# [WHAT NEEDS TO BE DONE]
Every line from the one with "El campo de fútbol de la Satalia" through the final line of the data below goes in the answer, copied exactly. Pictures do not.

[Opening DATASET SECTION section]

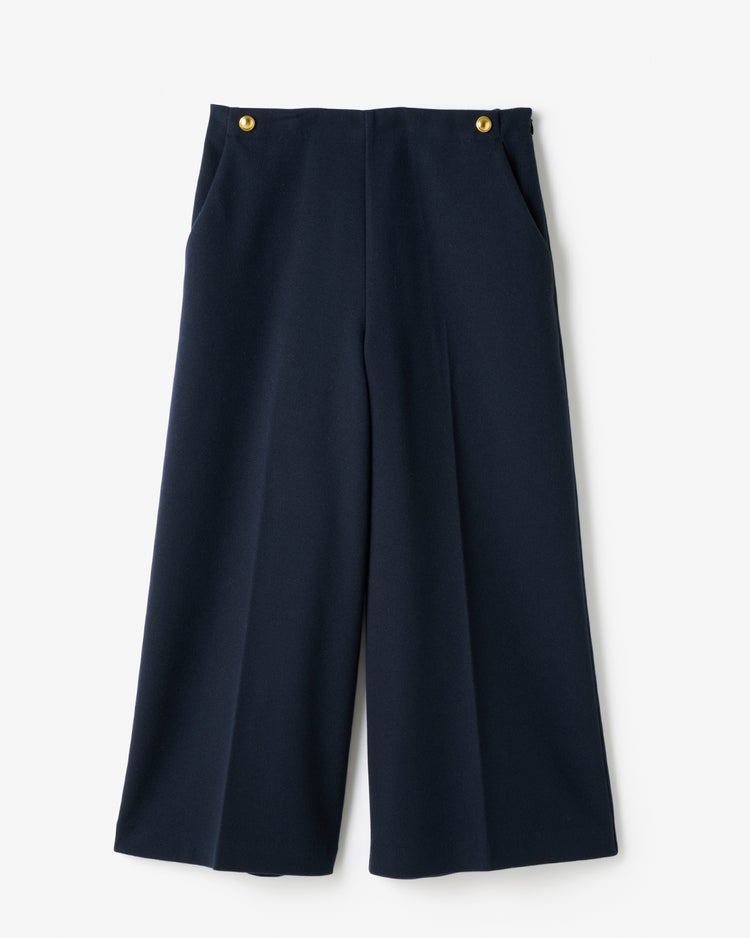 ウォームストレッチ・クロップドワイド 詳細画像 ミッドナイトブルー 4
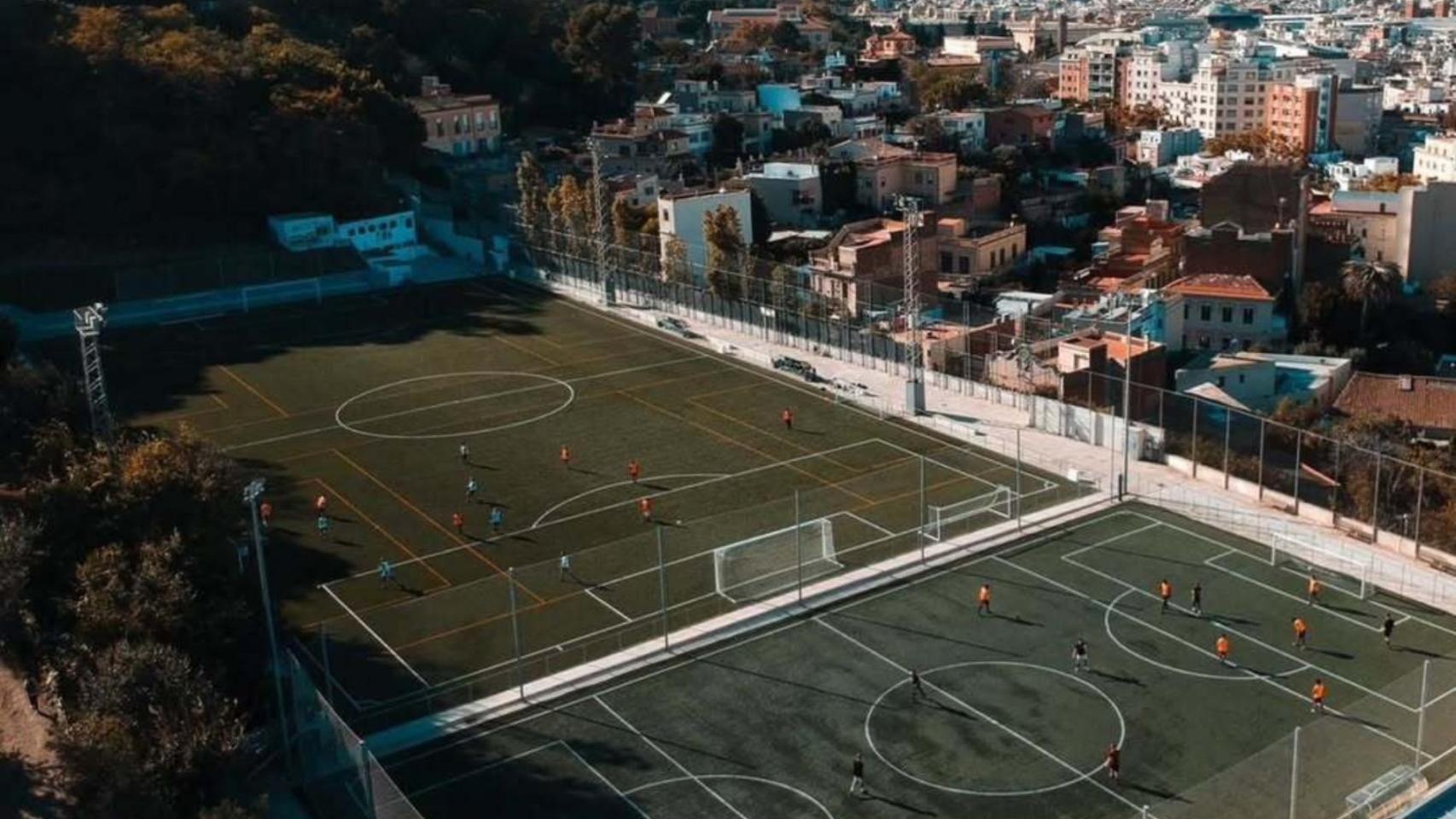 El campo de fútbol de la Satalia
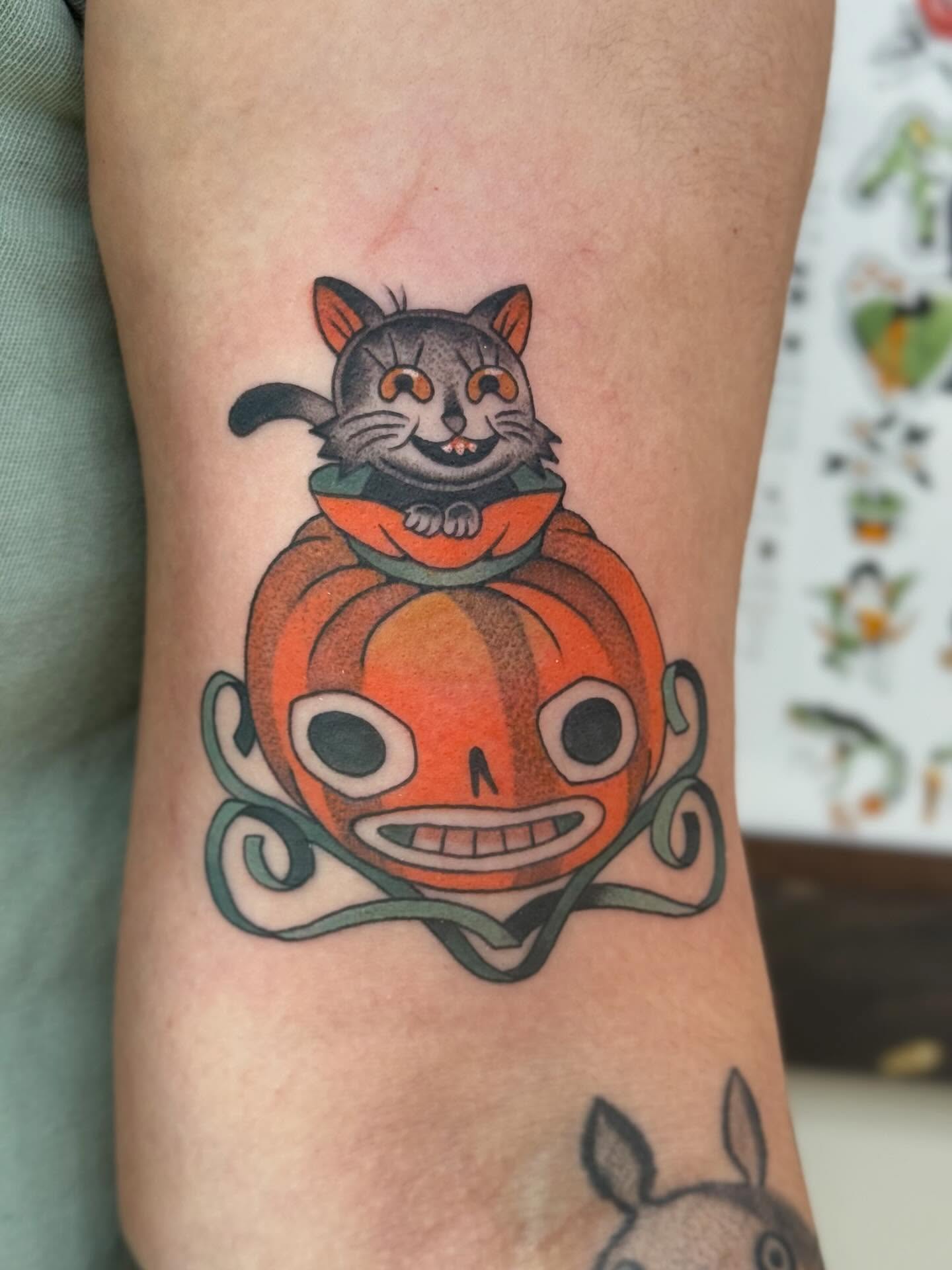 Tattoo by @tina_b_draws — american_traditional, dotwork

[Closing DATASET SECTION section]

# [YOUR RESPONSE]
 El campo de fútbol de la Satalia
 Tattoo by @tina_b_draws — american_traditional, dotwork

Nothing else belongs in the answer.